| BIG SECRET |
I didn't go completely unadored yesterday. In fact, someone gave me a box of very potent chocolates that contain espresso amongst other things. The one-two punch of sugar + caffeine is extremely effective at waking me up. I should put these next to my alarm clock. One minute I was feebly thrashing around like an overturned sloth-turtle, the next I was standing in the middle of my room thinking about how what just happened looked a lot like a 3Dfx generated scene in a game. (The ceiling lights shining into my eyes coalesced into shining points surrounded by bright, yellow halos and rotated out of my field of view as I stood up without even thinking about it.)
Things that are surprising: Putting on a pair of jeans and suddenly discovering that one of your leather gloves somehow ended up inside it. Especially if you are, at that moment, thinking about frogs.
Way to go, Andrew. Sleep the whole entire day. The whole day! Now I'm going to be awake until about noon (again) and then conk out. This is very useless.
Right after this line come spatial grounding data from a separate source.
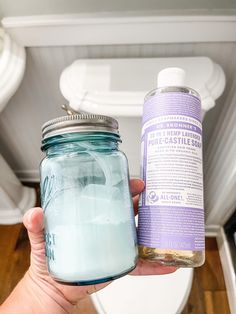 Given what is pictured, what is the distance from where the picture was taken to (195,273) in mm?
1034

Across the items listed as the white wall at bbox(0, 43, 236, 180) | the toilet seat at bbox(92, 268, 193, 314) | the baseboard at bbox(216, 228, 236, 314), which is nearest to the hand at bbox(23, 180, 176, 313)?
the toilet seat at bbox(92, 268, 193, 314)

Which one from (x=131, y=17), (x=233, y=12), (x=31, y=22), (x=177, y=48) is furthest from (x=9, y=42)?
(x=233, y=12)

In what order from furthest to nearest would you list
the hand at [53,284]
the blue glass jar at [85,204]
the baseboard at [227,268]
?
the baseboard at [227,268] → the hand at [53,284] → the blue glass jar at [85,204]

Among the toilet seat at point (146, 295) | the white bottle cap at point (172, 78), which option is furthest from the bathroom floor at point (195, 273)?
the white bottle cap at point (172, 78)

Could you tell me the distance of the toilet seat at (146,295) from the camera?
2.28 feet

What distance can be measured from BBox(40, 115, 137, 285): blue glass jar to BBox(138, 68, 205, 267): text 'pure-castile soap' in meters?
0.03

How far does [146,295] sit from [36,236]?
41 centimetres

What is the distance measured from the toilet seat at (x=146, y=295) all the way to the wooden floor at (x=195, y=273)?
320 millimetres

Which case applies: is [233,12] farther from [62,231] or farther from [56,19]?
[62,231]

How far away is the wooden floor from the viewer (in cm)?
98

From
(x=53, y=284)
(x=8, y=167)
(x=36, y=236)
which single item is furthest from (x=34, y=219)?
(x=8, y=167)

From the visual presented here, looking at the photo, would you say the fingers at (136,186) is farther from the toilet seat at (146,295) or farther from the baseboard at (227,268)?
the baseboard at (227,268)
At least Kris will come over today to record, and that will force me to be awake and productive. Producing, even. Day off. It's a holiday! It's president's day. This is the day on which everyone remembers that presidents have birthdays, too, and we should celebrate them by not doing any work.I'm not so good at holidays, in general. They seem to come and go without any purpose. My natural state is to be unaware of them. I'm not totally out of it, though. I know why the decorations in the department stores change all at the same time. I just don't have much reason to do anything about them. Maybe if I were in contact with lots of people at all times, I'd be more into holidays. I'm sure that would make me a better person. Yellow! The color of generic irony!
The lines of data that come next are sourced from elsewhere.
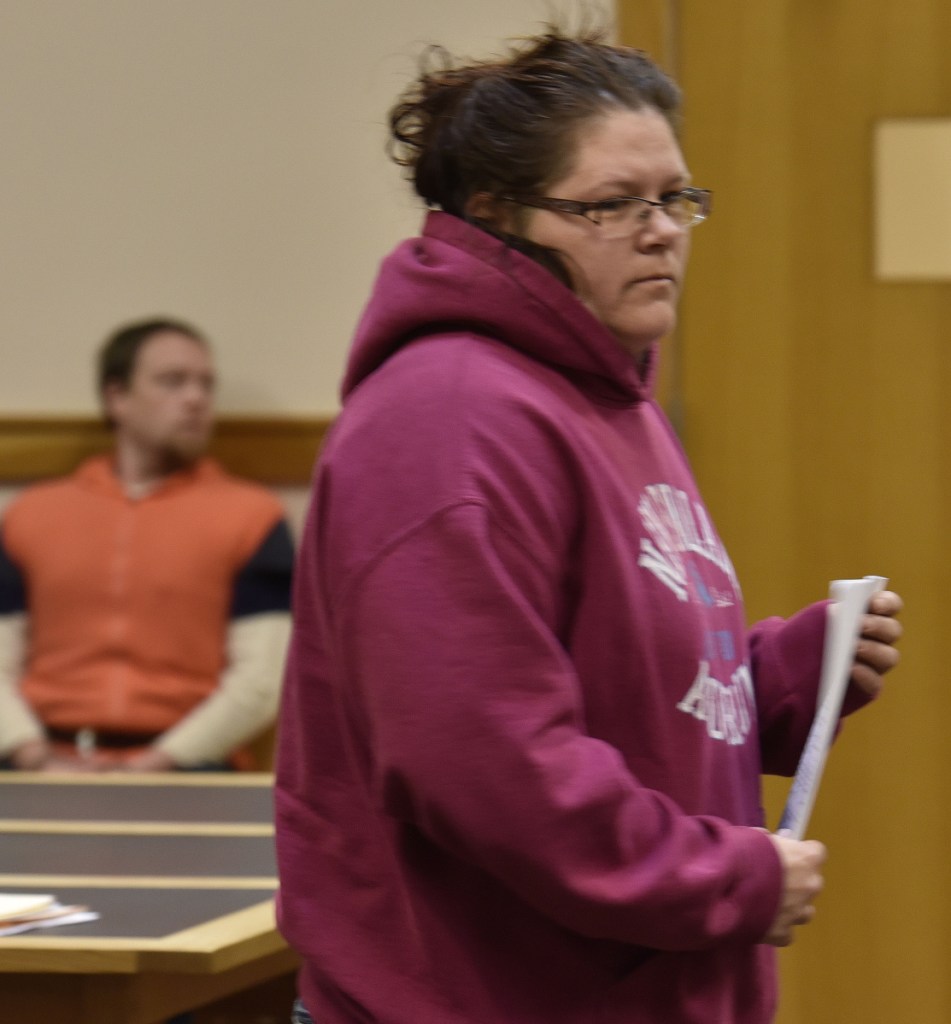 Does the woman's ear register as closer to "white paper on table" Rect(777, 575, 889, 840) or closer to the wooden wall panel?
"white paper on table" Rect(777, 575, 889, 840)

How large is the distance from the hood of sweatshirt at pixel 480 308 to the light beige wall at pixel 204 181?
2.45 metres

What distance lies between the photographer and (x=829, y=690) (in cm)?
119

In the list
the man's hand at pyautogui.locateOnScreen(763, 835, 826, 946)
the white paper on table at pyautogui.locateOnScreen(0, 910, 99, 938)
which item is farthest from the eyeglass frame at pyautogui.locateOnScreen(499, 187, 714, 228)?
the white paper on table at pyautogui.locateOnScreen(0, 910, 99, 938)

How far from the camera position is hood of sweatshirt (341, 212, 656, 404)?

Speaking of yellow, I was reading through the internet security book when I suddenly realized, mid-chapter about sniffers, that using POP3 mail clients is insanely insecure. Eudora, in this case. It sends your login and password, unencrypted, over the net at regular intervals. Eudora supports two alternate forms of authentication, APOP and Kerberos. Kerberos is non-trivial to set up. APOP is pretty easy, but the server needs to support it. Cucipop (what my mail person uses) does, but I think they compiled it without shadow support, so it can't read the password entries, which it needs to do. I think. Umm. It uses an MD5 hash of the timestamp and a secret passphrase. The passphrase is known to the user and the server. The only secret thing that I know that the server 'knows' is my login password, and we don't even really know the same form of it. I know the actual 'word', and the server knows the salted superencrypted block of zeros, which it can't un-encrypt. I'm pretty sure I'm missing something here. Perhaps Eudora somehow magically knows the salt and crypt()s the password before it sends it (yeah, right). Perhaps APOP needs more setup on the server end. I'll talk to the satanic folks next time I see them.
I haven't seen a living person all day. I spoke to Ed, briefly, at 2 or 3 or something. Or 4 or 5. I dunno. I was asleep. But the point is, I haven't had human contact, so I'm getting very computery. The above paragraph was edited to make it less technical, and it would still be endlessly boring to anyone who wasn't interested in computers. I'll go find a human at QFC or something.
5:45 am - I want brownies. I'm drinking COKE and reading through Valacar's source, seeing how he did stuff. It's kind of strange because I never thought of Pascal as a serious programming language. I used it for a year in college, and then I never saw it again. Tons of demoscene people use Pascal, though. It seems like they mostly use it as glue to make it easier to stick their asm stuff together. I can see why; programming in pure assembly can make you go crosseyed. That one endless column of instructions...aauuah.